Composition is always three pieces: a Driver (transport — how we connect and execute), a Dialect (the data-dialect — DDL, DML, capabilities, semantics; Iceberg vs Delta), and a Backend (where the bytes live). Each is a stable public interface; concrete implementations live under drivers/, dialects/, and backends/.

Index

Constants

This section is empty.

Variables

This section is empty.

Functions

func Query

func Query[T any](ctx context.Context, db Client, source drivers.Source) ([]T, error)

Query runs source against db's driver and materialises every decoded row into []T. The driver must implement drivers.Convertible (all v0 drivers do).

Source is driver-native — build one with the driver's own conversion helper:

drv := db.Driver().(*spark.Driver)
users, err := lakeorm.Query[User](ctx, db,
    drv.FromSQL("SELECT * FROM users WHERE country = ?", "UK"))

DuckDB / Databricks use the same shape with their own FromSQL / FromRows / FromTable helpers; anything the helpers don't cover can be expressed as a bare drivers.Source closure.
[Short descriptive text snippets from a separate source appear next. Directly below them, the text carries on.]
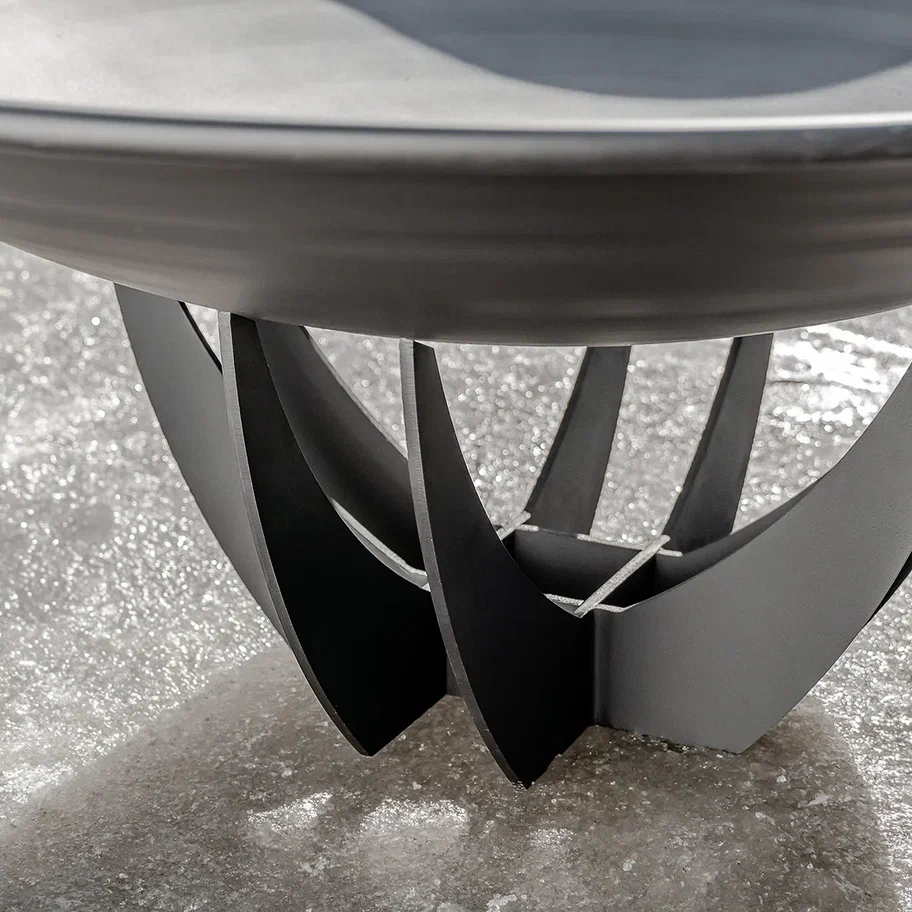 Костровой очаг "Олимпия" 660 купить в Санкт-Петербурге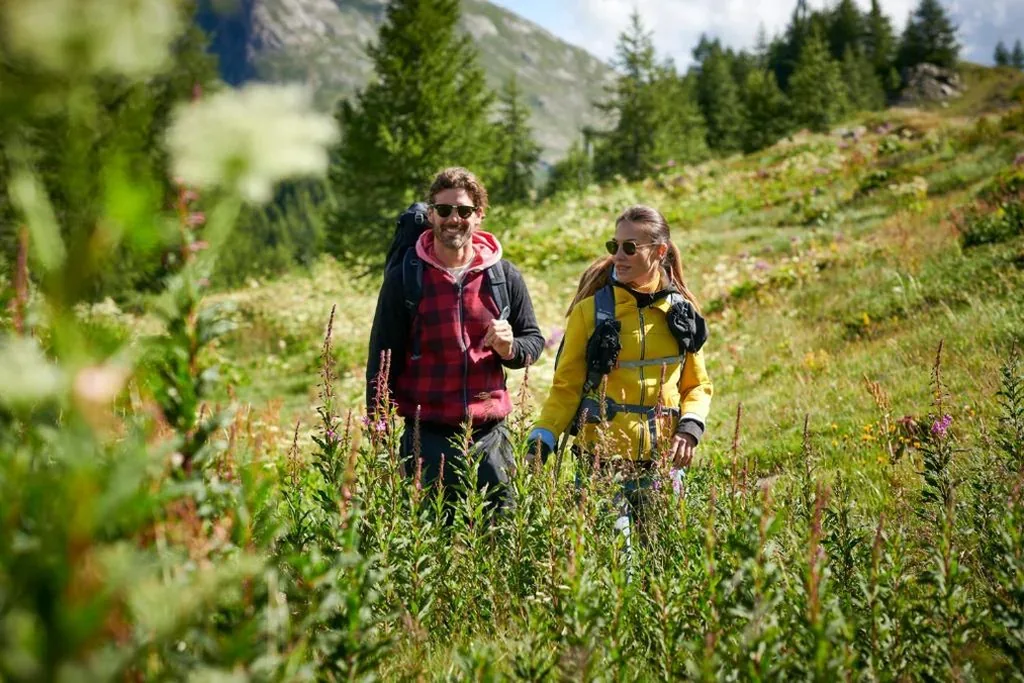 Le Massif Hotel & Lodge Courmayeur The Leading Hotels of the World — foto 6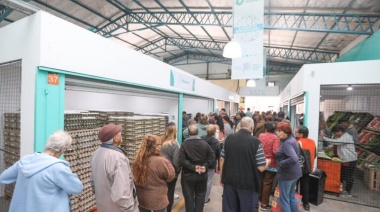 Hurlingham congela precios para combatir la inflación
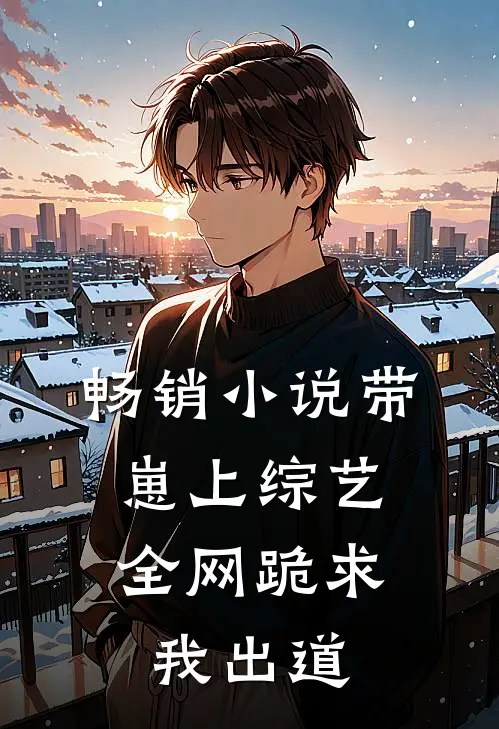 畅销带崽上综艺,全网跪求我出道免费阅读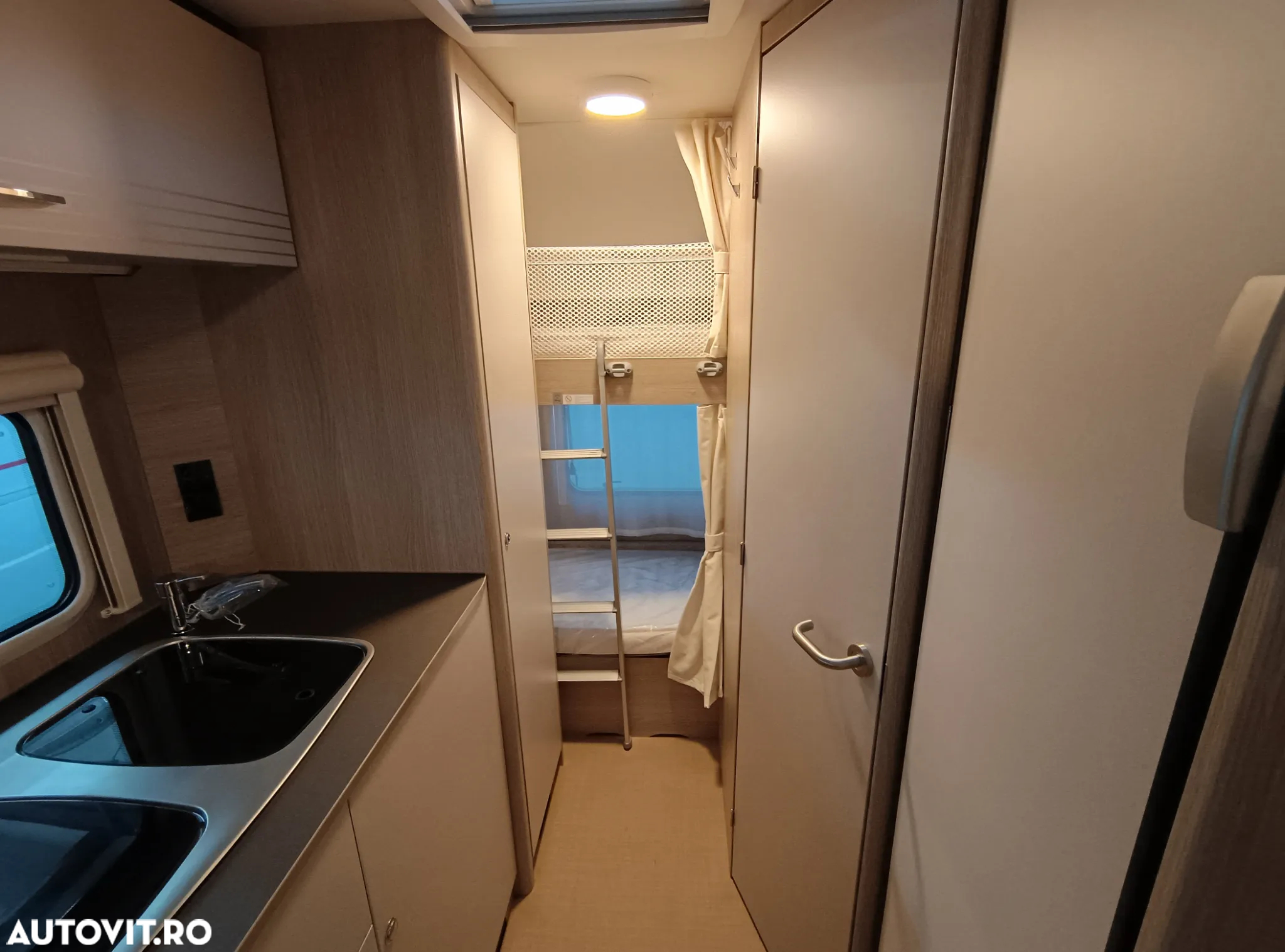 Burstner Premio Life 415 TK - 8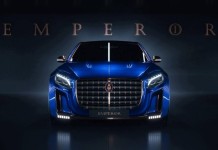 Mercedes-Maybach S600 за 1,5 млн $ от Scaldarsi Motors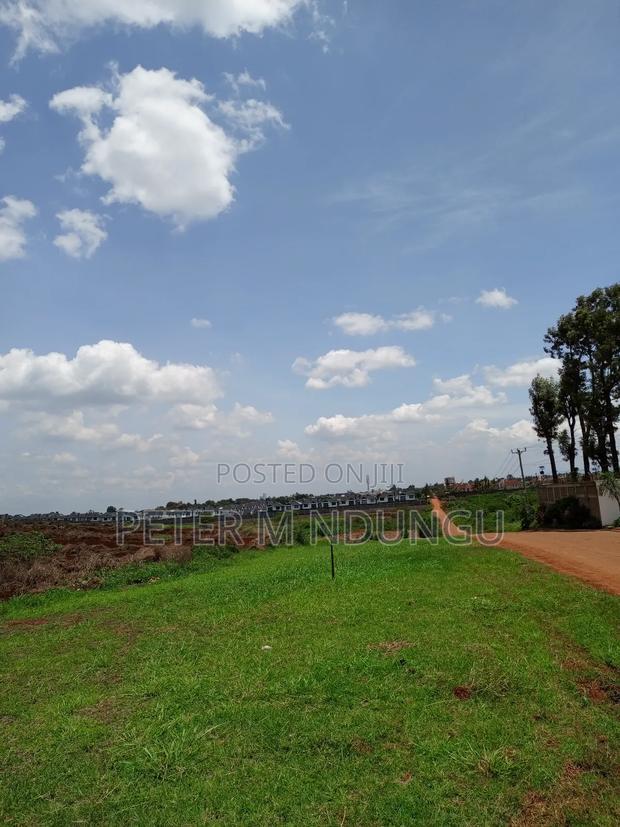 Prime Land on Sale, 45acres Kiambu Road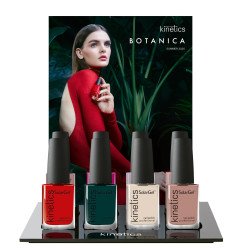 SolarGel™ Nail Polish BOTANICA COLLECTIE 8x15ml PRE-ORDER (launch 14.05.2026)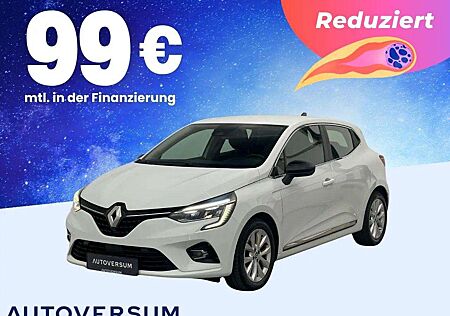 Renault Clio TCE Intens LED*CARPLAY*TEMP*PARK*NAVI*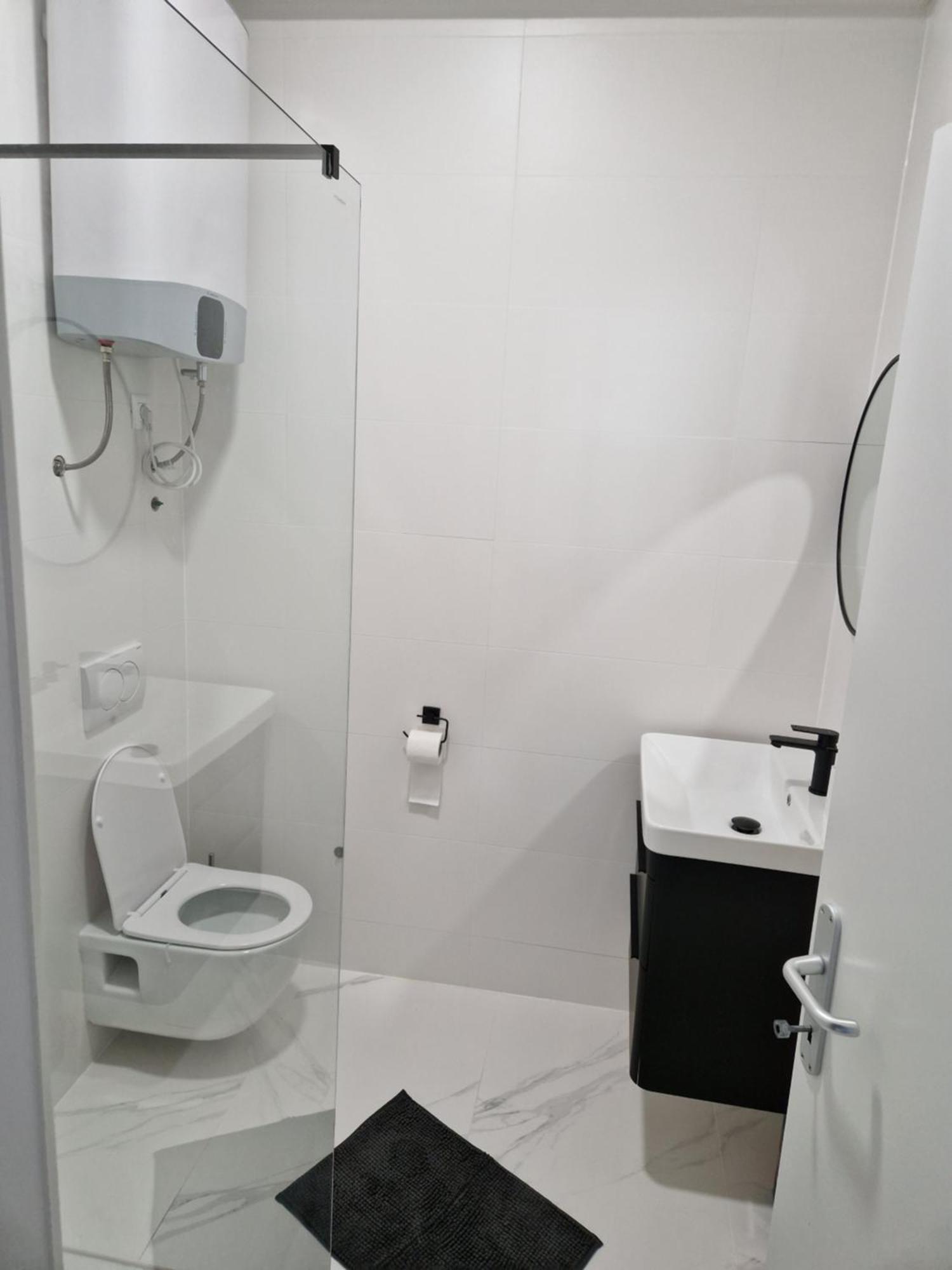 Apartman Bauer - Omis- Nemira Экстерьер фото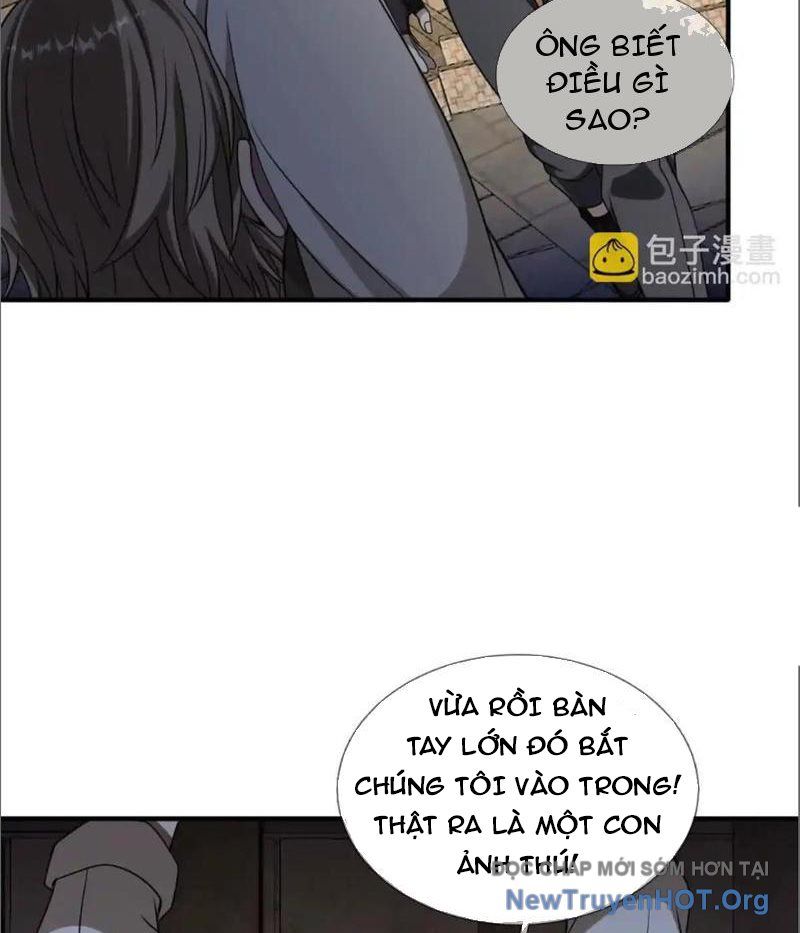 Cái Bóng Của Ta Là Loli Chap 23 - Next Chap 24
The `spark:"..."` / `lake:"..."` tags on T bind result columns to fields. A field in T the source doesn't project surfaces as a schema-mismatch error.

func QueryFirst

func QueryFirst[T any](ctx context.Context, db Client, source drivers.Source) (*T, error)

QueryFirst runs source and returns the first decoded row, or errors.ErrNoRows if source yielded zero rows.

func QueryStream

func QueryStream[T any](ctx context.Context, db Client, source drivers.Source) iter.Seq2[T, error]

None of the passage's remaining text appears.